Artist Leah Hayes' 'Not Funny Ha-Ha: A Handbook for Something Hard' Lets Those Who Get Abortions Know They're Not Alone
Getting an abortion can be a scary, lonely, and stigmatizing experience. Artist Leah Hayes sought to change that... with a comic book. Not Funny Ha-Ha: A Handbook for Something Hard presents real talk about abortions with friendly, accessible dialogue and narration and engaging illustrations. The book follows the journeys of two fictional characters, 23-year-old Mary and 31-year-old Lisa, who decide to have abortions, one medical (accomplished by taking a pill at home) and one surgical (performed at a clinic).
Though the topic is rarely discussed publicly, abortion has affected many people's lives. By some accounts, one third of women or more end up having abortions at some point in their lives. The dearth of stories about abortions in pop culture — especially ones that are not politically charged — can leave women who undergo the procedure feeling alone, when in reality, they are not.
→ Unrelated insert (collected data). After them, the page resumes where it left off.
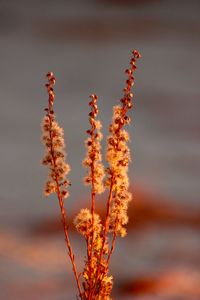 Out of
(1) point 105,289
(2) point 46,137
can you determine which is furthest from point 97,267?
(2) point 46,137

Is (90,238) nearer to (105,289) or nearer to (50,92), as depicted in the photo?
(105,289) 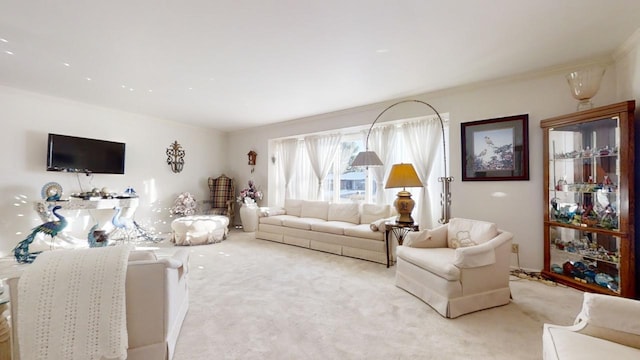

Hayes wrote an email to Bustle from San Diego, where she's signing books at Comic-Con International, explaining that she "wanted to create something that other girls (and men!) could read and feel a connection with. I was trying to express my feelings through drawing, and hopefully in the process offer a different perspective on what women go through."
Since I've mainly heard about the medical and political sides of abortion rather than seeing the experience humanized (though the movie Obvious Child provides a refreshing exception to that pattern), I found the book both informative about the issue and emotionally engaging as reading material. Here's a sneak preview of a few select pages:
Though Hayes' description of the book as "a handbook for something hard" probably resonates with a lot of readers, it's also worth mentioning that abortion isn't always a hard decision. Sometimes, for financial, emotional, or whatever reasons, it's a "no-brainer," as she points out in the beginning.
The opening pages also emphasize that the decision is nobody else's business — "Whatever your reason is: it's fine. It's your reason" — and neither are the means by which the person undergoing the abortion got pregnant — "Sometimes these things happen."
The book launches into logistical aspects of abortion I never considered. For example, as someone who finds making appointments stressful to begin with, this page made me realize how nerve-racking scheduling might be when you've just found out you're pregnant:
The story contains poignant scenes of the characters getting support from friends and family.
It also provides practical advice on deciding when and where to get an abortion and what kind to get.
You'll have to read the rest to learn the ending, but I can assure you the story is comforting if you've been in Lisa's or Mary's situation, a life-saver if you find yourself there in the future, and informative if you're curious about what a third of women go through.